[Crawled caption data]
────────────────────────────────────────

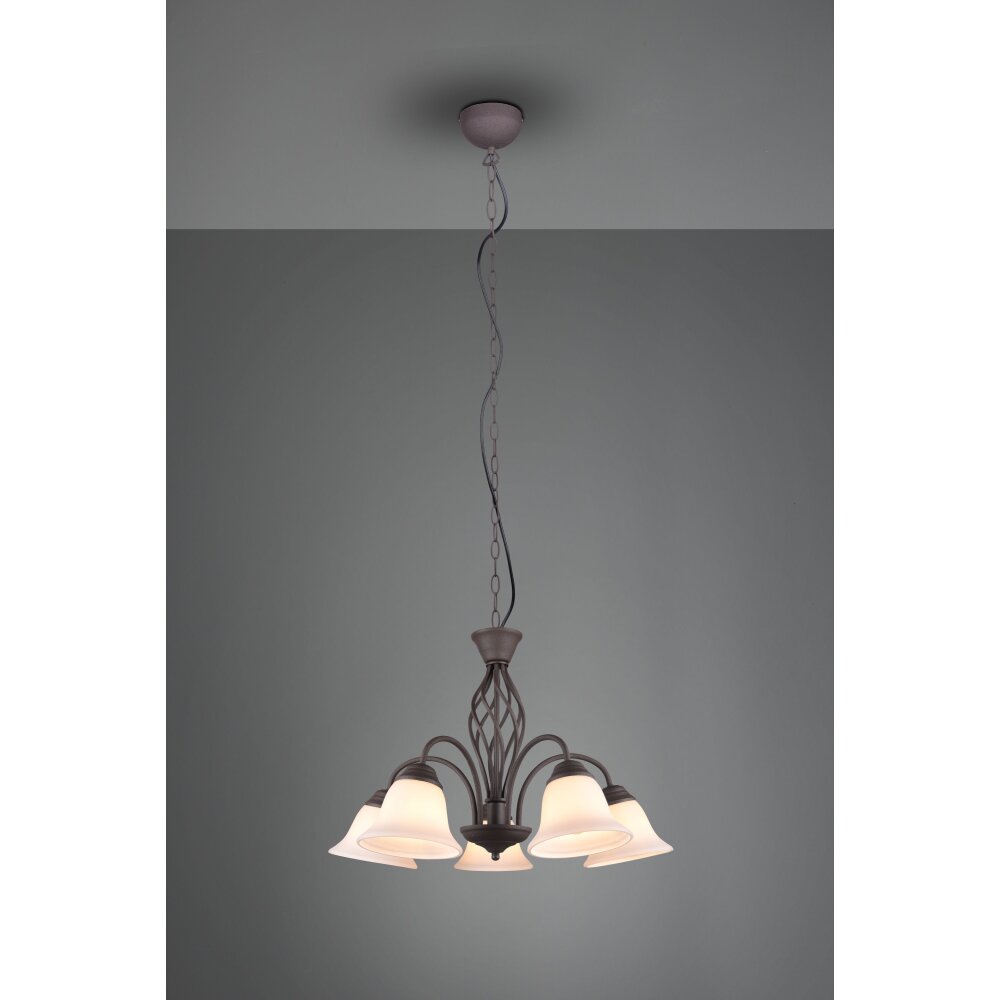 Lustre Trio-Leuchten Rustica Rouille, 5 lumières main product photo
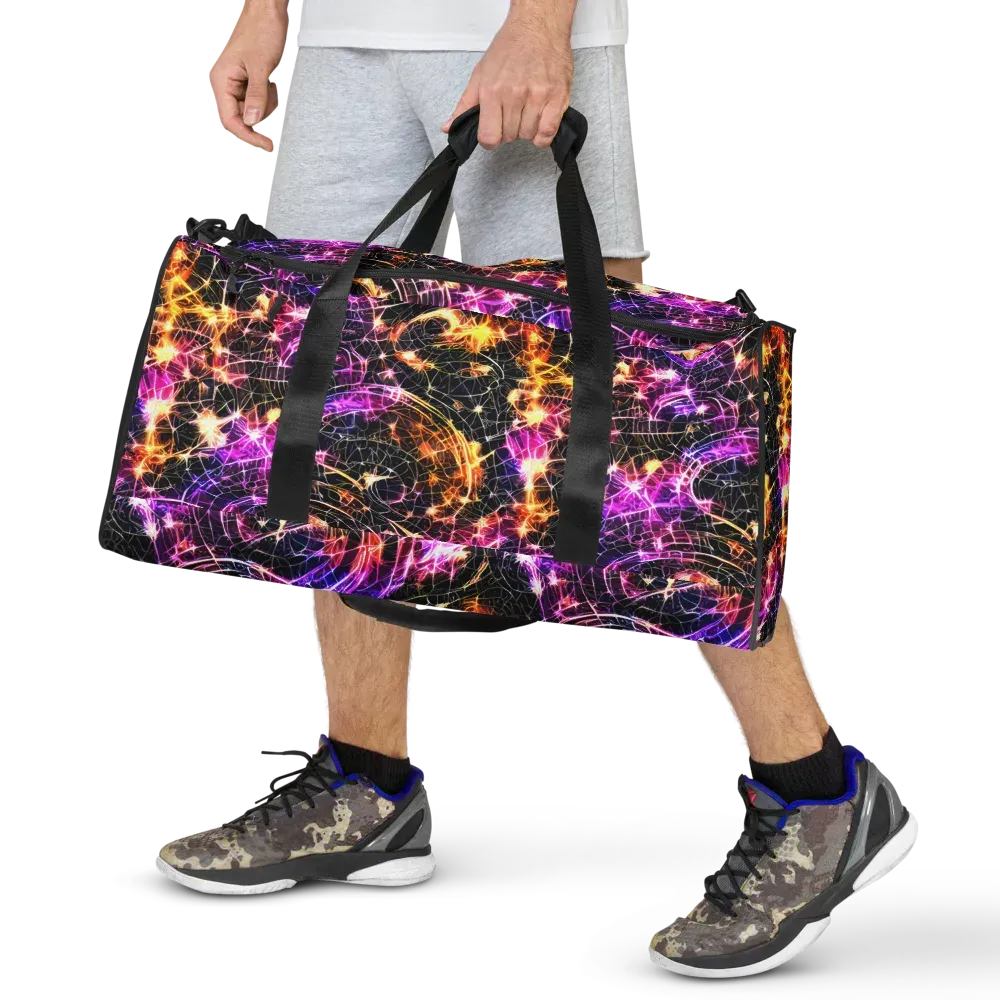 Ember Network on Duffle Bag — Front
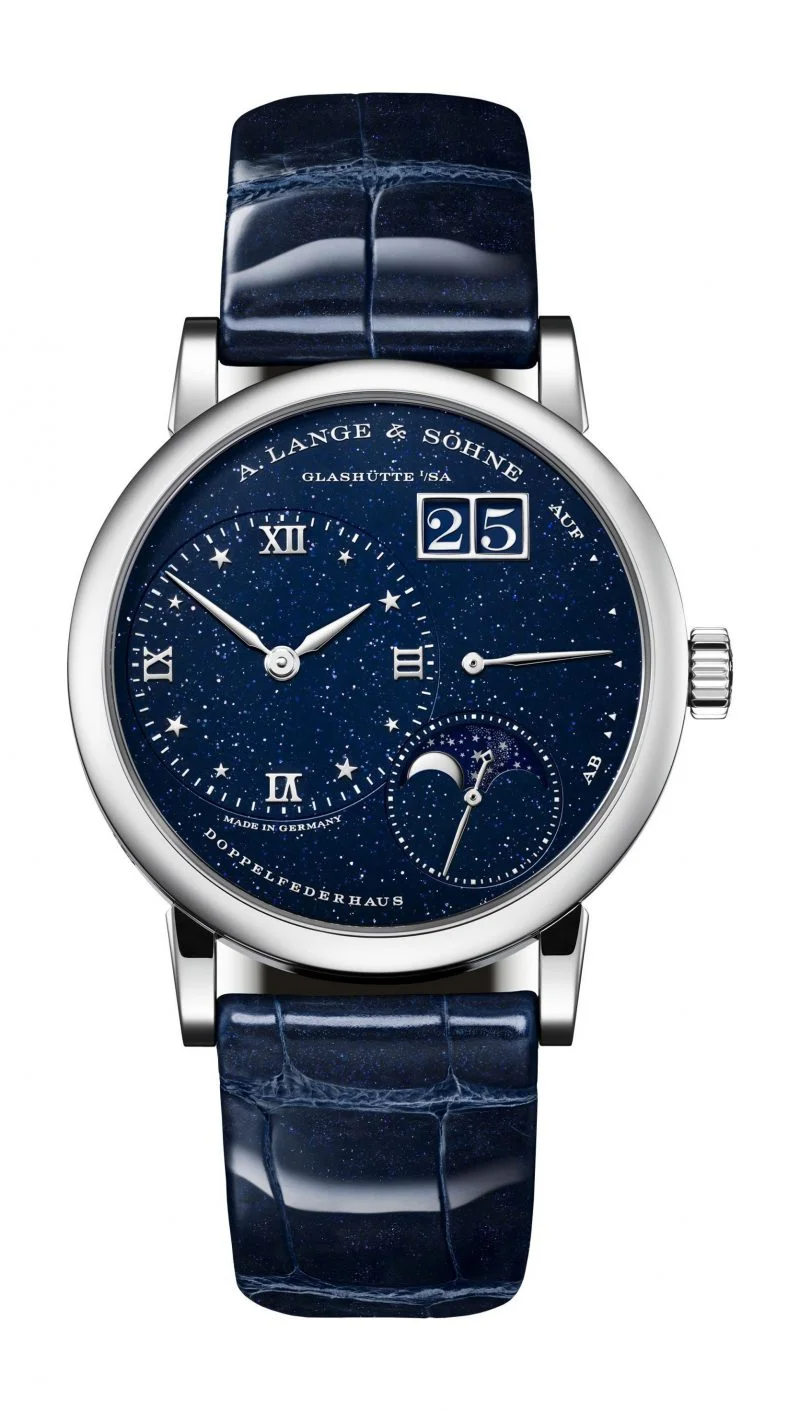 A.Lange & Söhne Lange 1 - 36.8 MM - White Gold - Blue Dial - 182.086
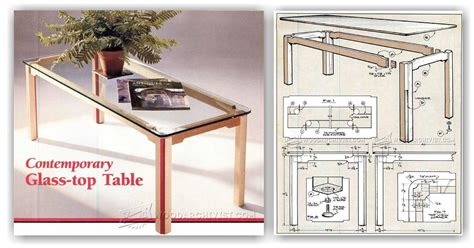 glass topped coffee table plans woodarchivist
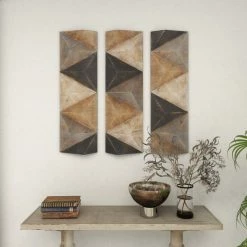 Deals 👏 Brimfield & May Set Of 3 Brown Wood Farmhouse Abstract Wall Decor 45336 😉 -Cheap wall decor Store 0e71cb4f0197e0a7 6649 w800 h800 b0 p0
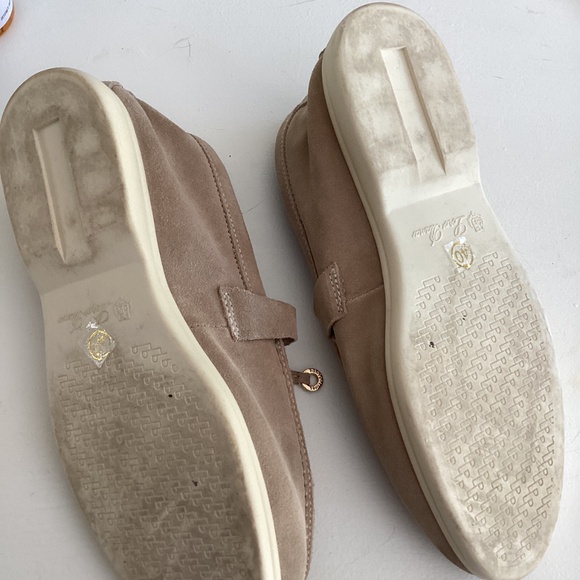 Tan Suede LP Openwalk Moccasins size 40 - Picture 5 of 8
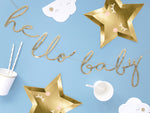 Ladda upp bild till gallerivisning, Banner Little Star - Hello Baby, gold, 18x70cm
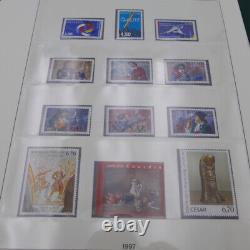 1989-1997 French Stamp Collection New Complete on Album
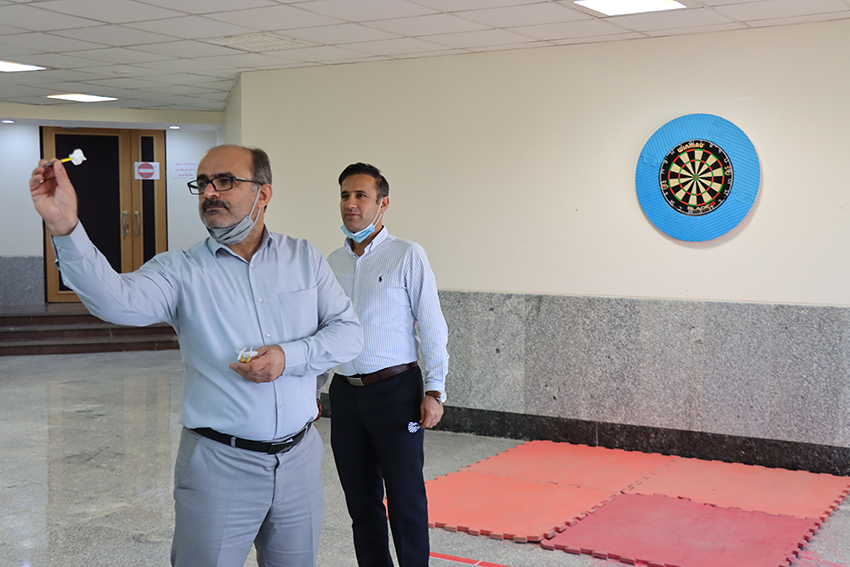 برگزاری مسابقات دارت و تنیس روی میز کارکنان مدیریت درمان تامین اجتماعی خوزستان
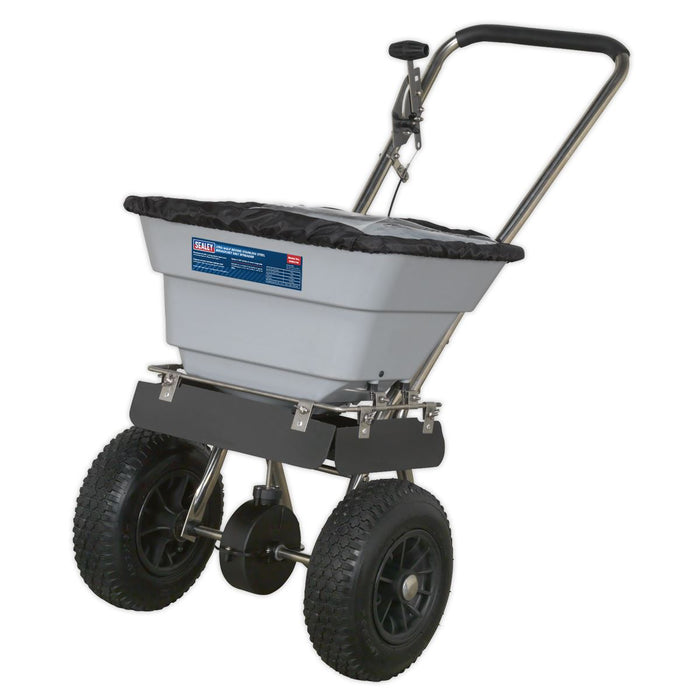 Sealey Stainless Steel Broadcast Salt Spreader 37kg Walk Behind SSB37W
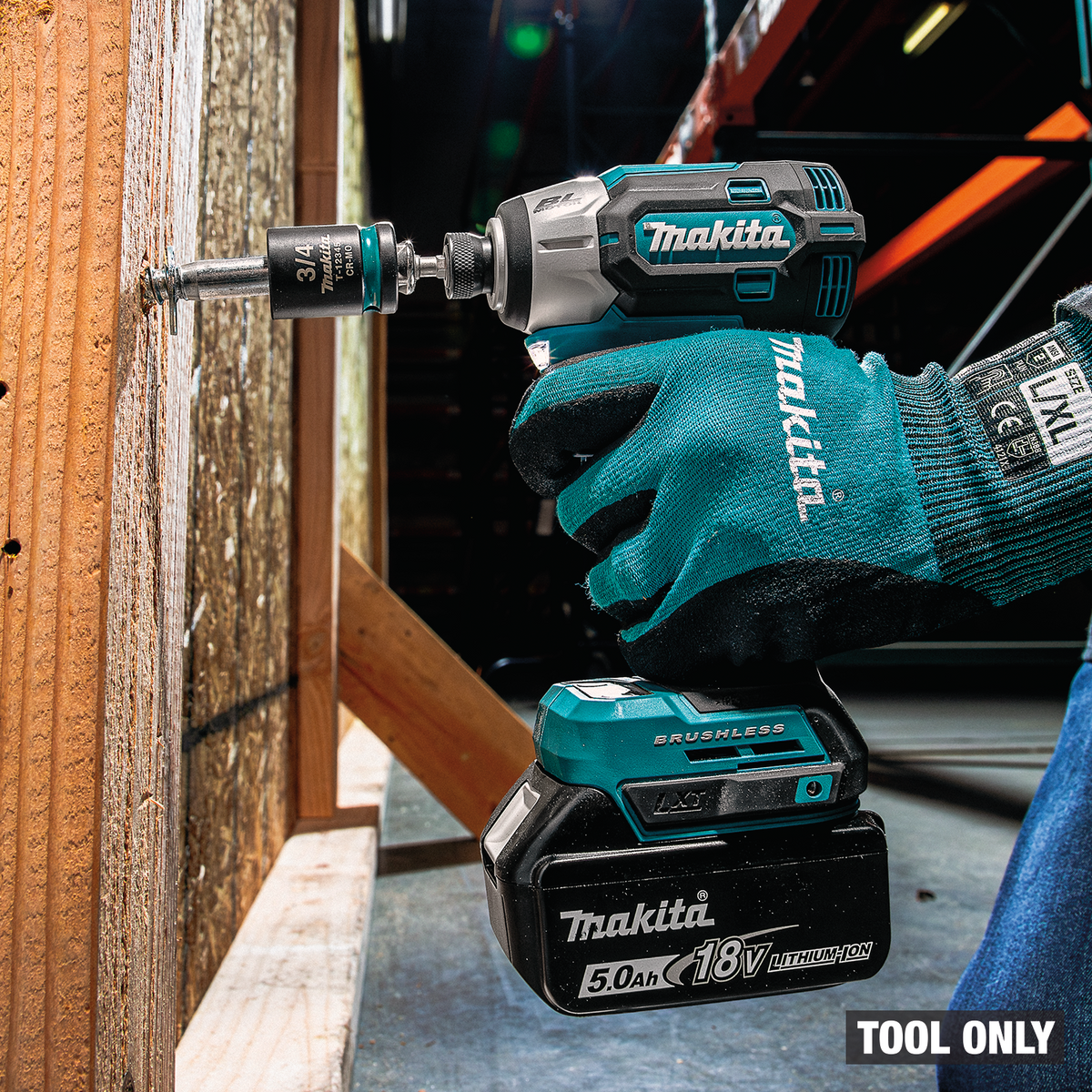 Makita 18V LXT Brushless Quick-Shift Mode 4-Speed Impact Driver (XDT21Z) - in use on the job 7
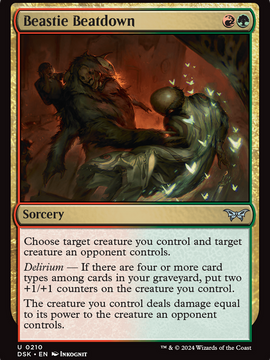 Beastie Beatdown (DSK-210) - Duskmourn: House of Horror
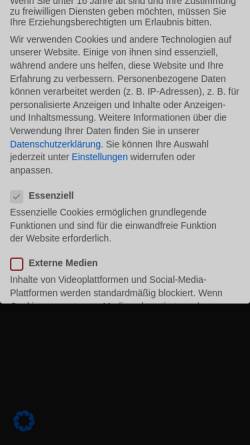 Vorschau der mobilen Webseite www.zahnarzt-duesseldorf-cremer.de, Gemeinschaftspraxis Dr. Cremers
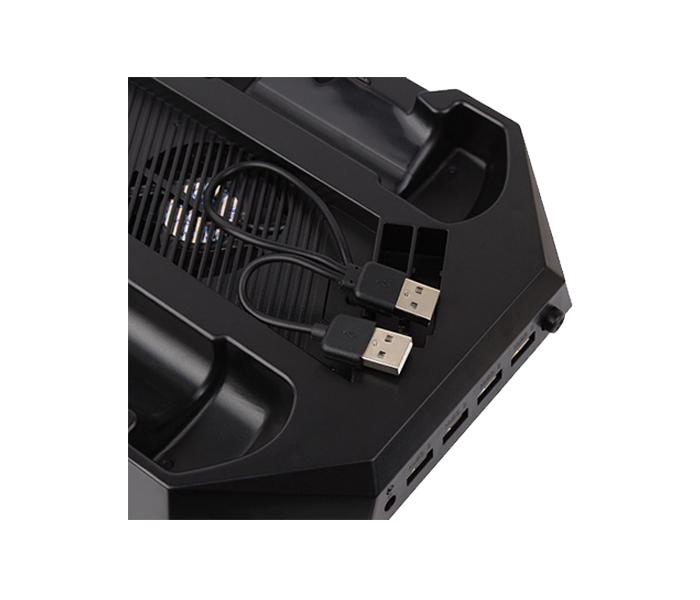 Trands TR-55GP4 Multi Cooling Fan with USB Charging Hub - Black - Zoom Image 4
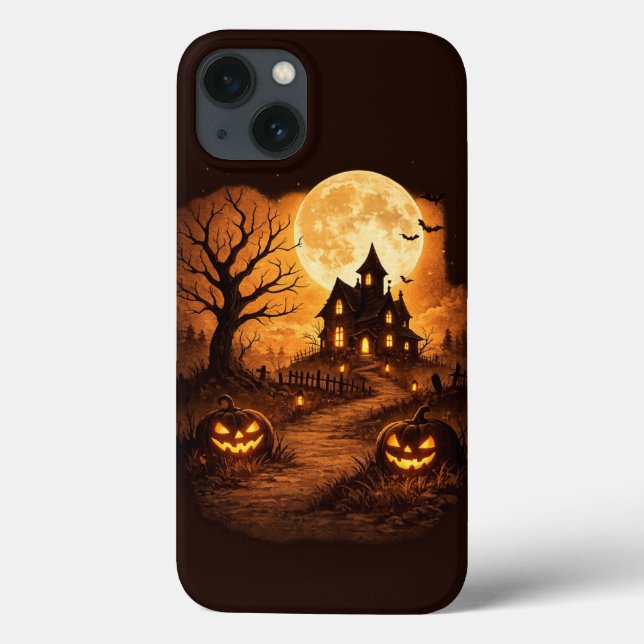 Spooky Haunted House Halloween  Case-Mate iPhone Case (Back)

────────────────────────────────────────

Exact copy, pictures excluded: print only the lines from the line containing "Trands TR-55GP4 Multi" through the end of the records.

*FINISHED TASK:*
 Trands TR-55GP4 Multi Cooling Fan with USB Charging Hub - Black - Zoom Image 4
 Spooky Haunted House Halloween  Case-Mate iPhone Case (Back)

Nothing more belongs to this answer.